Valentine's Day staple goes upmarket.
In the beginning, yuppies created the wine craze.
Then came the cheese and coffee fevers with side trips to butter fashion and olive oil passion. A few refugees from the gourmet ghetto even became monomaniacal about vinegar.
Can things get any more affected? Well, yes. Try chocolate at about $2,600 a pound from Knipschildt Chocolatier on for size. Just the thing for your over-indulged sweetie on Valentine's Day, right?
For $250 each, you get the Madeleine, described as an "extravagant yet simple ganache" with a French perigord truffle rolled inside. Put ten of these Knipschildt gumballs on a scale and the price comes to about $2,600 a pound. If you're counting calories, be afraid: the whole thing is dusted in cocoa powder (but not dipped in gold, oddly enough).

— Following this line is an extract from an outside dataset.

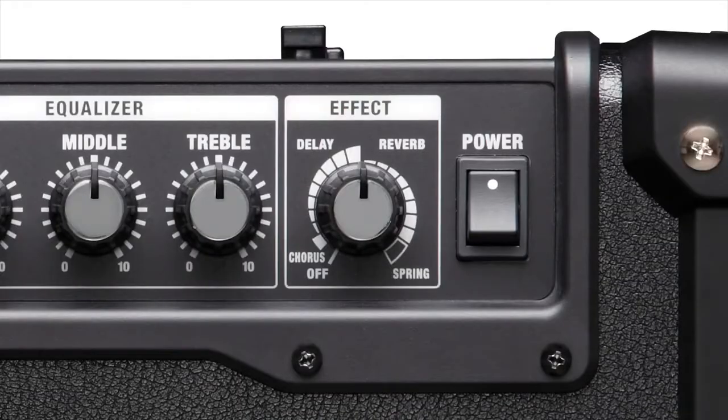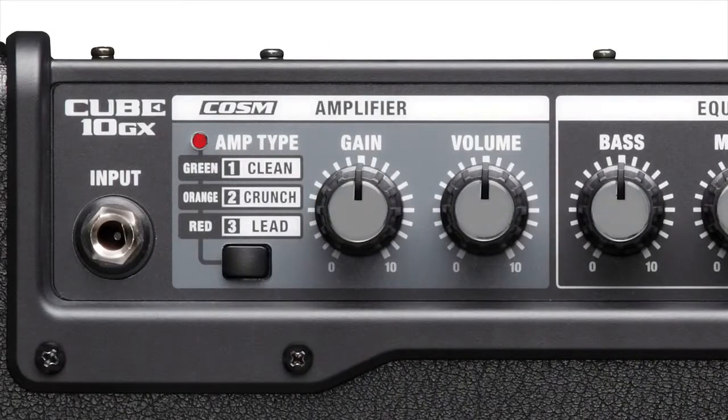Cube 10 GX has three onboard effects: chorus, delay, and reverb, including plate and spring reverb types. There are three preset COSM amp types: clean, crunch, and lead.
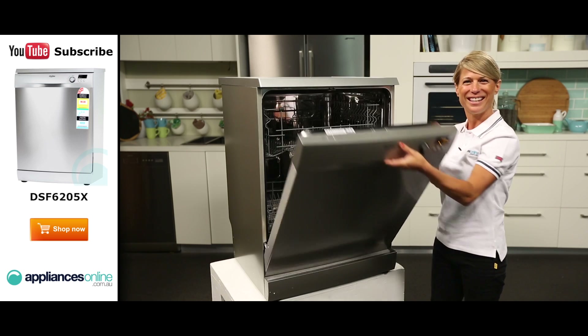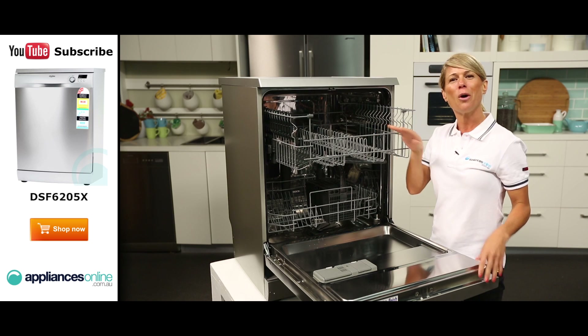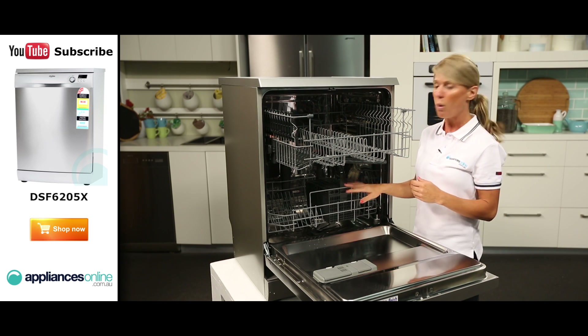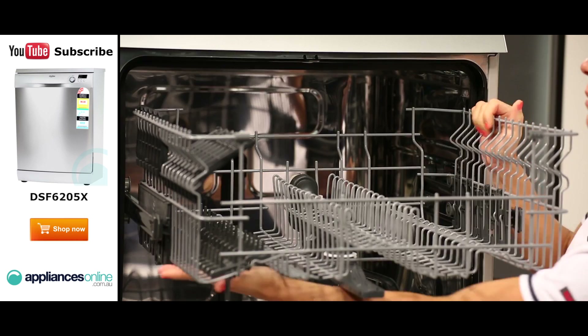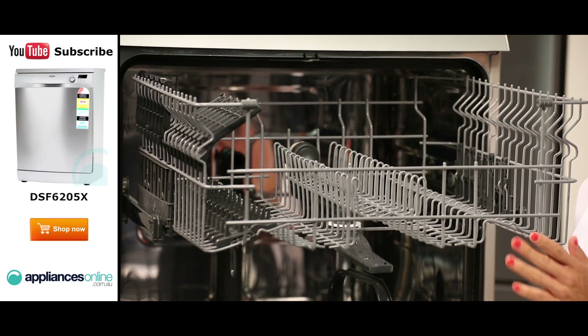As we take a look inside the dishwasher, there are two levels of baskets which can easily glide in and out. The top basket is ideal for your smaller items such as cups, saucers, and glasses, while the lower basket is best suited for your larger plates, pots, and pans. The upper basket can also be adjusted to better accommodate your even larger crockery in the lower basket.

"The obscene price tags on thoroughbred chocolate prove the theory of sexual economy," says Dr. John Hoover, a Minyanville professor, member of Partners in Human Resources International and author of How to Live with an Idiot: Clueless Creatures and the Women who Love Them:
"The price a man will pay for chocolate is directly proportional to the degree he must compensate for his shortcomings in the transactional economics of his current relationship. Powerful, alluring, insufferably attractive women wield enormous power that weaker, paunchy men with inconsistent and inappropriately distributed body hair must compensate for with chocolate, jewelry, automobiles and real estate. Still, Valentine's Day is one of the least expensive sacred holidays on the female secret calendar."
Sounds like it's time to schedule another appointment for what's known in the trade as "male bikini waxing." If you're still upright after the treatment, you can trot down to Whole Foods Market, Dean & Deluca, Balducci's or The Chocolate Room to buy Knipschildt's spiffy chocolate.
If you're new to chocolate with a plasma screen price tag, and develop restless leg syndrome at the thought of shelling out $2,600 for a box of bonbons, the wonders of capitalism have produced mid-market stuff for aspiring conspicuous consumers and cheapskate Romeos.
Noka Vintages Collection offers its version of the bonbon at an estimated $854 a pound. Going further downscale, Delafee, promising "the ecstasy of gold," checks in at about $508 a pound. Practicing skinflints might want to load up on Godiva's gooey stuff at about $120 a pound. If you want to take the risk of having your sweetie run screaming into the night after a shameless display of parsimony, there's always Richard H. Donnelly's chocolate at a mere $75 a pound. If that's still beyond your budget, try Hershey's – and turn in your yuppie credentials.
Pass The Doggerel, Please
Considering the weak dollar and your burgeoning gut, it may be time to sharpen a pencil and take a second whack at writing a poem for the woman of your dreams.
Maybe something like this:
My love is like a red, red rose
That's newly sprung in June
My love is like the melody
That's sweetly played in tune.
Sooner or later, some clever graduate student laboring in anonymity while cranking out a Ph.D. dissertation will argue that Robert Burns wrote such stuff because he couldn't pop for designer chocolate.